Test-drive your neural network, or how to annotate and train a neural network with your own data in twelve minutes.

Artwork by John Kenn Mortensen which I think encapsulates the essence of training neural networks.

Roughly two years ago I started digging into neural networks (supervised learning) and I must admit that I was surprised by the steep learning curve. From a background in game-related software engineering, I have been used to being able to whip up a decent prototype on a game-jam weekend. After I started using neural networks my “productivity” dropped drastically, as the workflows and challenges are very different and extremely time consuming.

From the online material I found and followed, my understanding is that working with Neural Networks is usually presented as:

  1. Find a dataset
  2. Choose layers, loss function and optimizer.
  3. Tweak hyperparameters (layer dimensions, learning rate, regularization, initialization etc.) while training. Endless fun here.
  4. When running out of time celebrate best convergence graph and move on.

It might be because I have a background in games and interaction, where I am used to exploring prototypes (think dynamical modelling of something like a boat), that I find this a bit like building cars you don’t test-drive. I believe this disconnection from having the neural network embedded in an interactive application is blocking us from gaining valuable intuition about their behavior and their improvements. A different insight than only watching a convergence graph.

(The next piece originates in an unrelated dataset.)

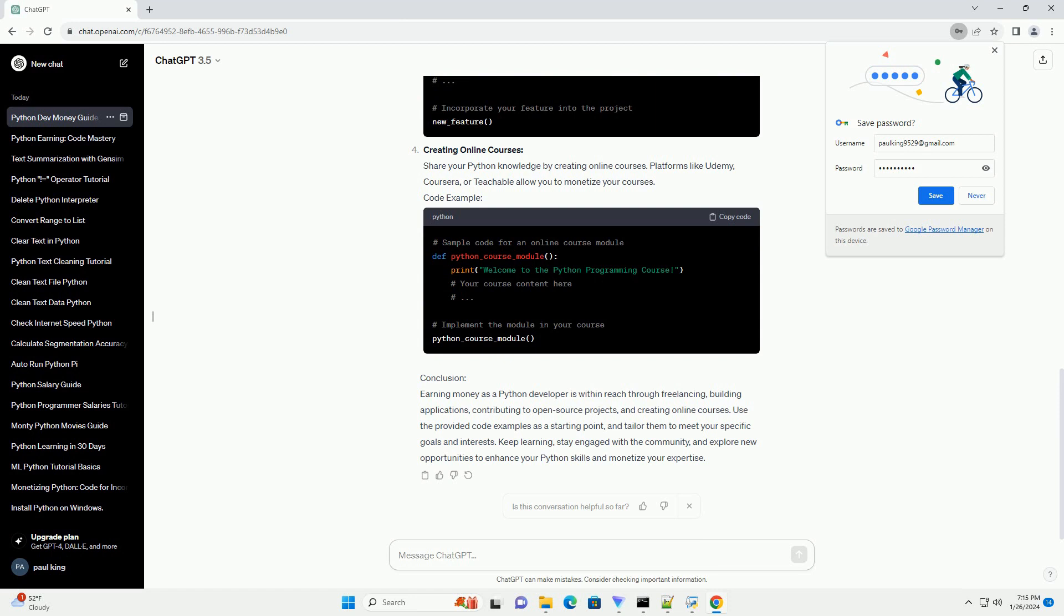Code Example - Building Applications: Develop software applications or web apps and monetize them through various channels, such as app marketplaces, software licensing, or subscription models.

I also believe that application implementation is underrated in the neural network material I have encountered, as most of my “breakthroughs” happen after having studied others work, revealing new tools, libraries and workflows, allowing implementation details of my own to fall into place.

This article is an attempt to share a project and hopefully spark some discussion about how one might use interactive approaches with neural networks in general.


First a demo video.

Interactive Segmentation Demo

In this project I create annotated data for the network on the fly. I have a couple of reasons for wanting to try this out.

  • I find it difficult to estimate how much data is needed to make a neural network solve a certain task. Is 100, 1000 or 10000 annotated samples needed? No one can say as the complexity of the task and many other factors has an effect. Building the dataset on the fly is a practical way of exploring this.
  • I would like to be able to interactively explore the networks behavior and find weak spots.
  • I would like to be able to focus annotations where the network needs correction.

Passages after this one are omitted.